Kickass Torrents has Ira Rothken in its corner, so it is in good hands. The US authorities will be crawling all over themselves and slavering their bodies in legal juice as they start their case against the sharing site and alleged owner Artem Vaulin, so this might be something of a battle.
Rothken has argued that there is no case to argue because a torrent cannot be copyrighted and everyone is wasting their time. The courts haven't been so sure, though, and they haven't just shaken everyone's hand and called it a day. Rothken apparently likes the argument that he is and he is sticking to it.
US and KickassTorrents Go Head to Head in Court - TorrentFreak https://t.co/pUzAhzfT51— Ira Rothken (@rothken) February 2, 2017
"We believe that the indictment against Artem Vaulin in the KAT torrent files case is defective and should be dismissed. Torrent files are not content files. The reproduction and distribution of torrent files are not a crime," he told TorrentFreak.
"If a third party uses torrent files to infringe it is after they leave the KAT site behind and such conduct is too random, inconsistent, and attenuated to impose criminal liability on Mr. Vaulin."
We all know what the US authorities are like, they like to win, and they like to get their man (or woman) and make them go through as many court appearances as possible.

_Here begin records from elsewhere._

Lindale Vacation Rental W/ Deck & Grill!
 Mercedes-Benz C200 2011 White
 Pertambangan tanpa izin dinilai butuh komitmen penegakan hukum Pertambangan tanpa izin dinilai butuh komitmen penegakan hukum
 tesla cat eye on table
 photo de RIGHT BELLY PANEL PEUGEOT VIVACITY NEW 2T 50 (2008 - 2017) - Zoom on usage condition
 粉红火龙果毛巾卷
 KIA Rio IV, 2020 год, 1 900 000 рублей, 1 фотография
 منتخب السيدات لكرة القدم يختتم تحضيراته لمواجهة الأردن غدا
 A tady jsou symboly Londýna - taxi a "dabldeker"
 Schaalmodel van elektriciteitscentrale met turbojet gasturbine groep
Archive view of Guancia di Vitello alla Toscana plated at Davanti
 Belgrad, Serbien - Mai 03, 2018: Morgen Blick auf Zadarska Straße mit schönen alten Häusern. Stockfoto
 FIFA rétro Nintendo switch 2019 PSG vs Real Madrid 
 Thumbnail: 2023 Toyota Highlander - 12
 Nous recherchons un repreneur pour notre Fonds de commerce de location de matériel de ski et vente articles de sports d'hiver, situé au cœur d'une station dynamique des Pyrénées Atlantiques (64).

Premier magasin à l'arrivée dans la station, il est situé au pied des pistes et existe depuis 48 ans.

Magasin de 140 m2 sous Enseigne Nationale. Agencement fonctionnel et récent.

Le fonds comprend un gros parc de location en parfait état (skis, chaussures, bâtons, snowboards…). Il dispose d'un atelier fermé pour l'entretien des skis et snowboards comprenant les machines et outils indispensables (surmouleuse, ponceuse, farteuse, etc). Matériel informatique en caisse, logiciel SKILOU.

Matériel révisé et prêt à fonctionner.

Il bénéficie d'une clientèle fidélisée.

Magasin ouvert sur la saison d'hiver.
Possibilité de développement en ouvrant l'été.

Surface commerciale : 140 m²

When Vaulin was arrested, an attorney general stood on top of a hill in a rainstorm and bellowed at the sky that there is "no escape, and no hiding from the authorities", metaphorically anyway.
"Vaulin is charged with running today's most visited illegal file-sharing website, responsible for unlawfully distributing well over $1bn of copyrighted materials," said assistant attorney general Leslie Caldwell when Vaulin was hauled in.
"In an effort to evade law enforcement, Vaulin allegedly relied on servers located in countries around the world and moved his domains due to repeated seizures and civil lawsuits. His arrest in Poland, however, demonstrates again that cyber criminals can run, but they cannot hide from justice."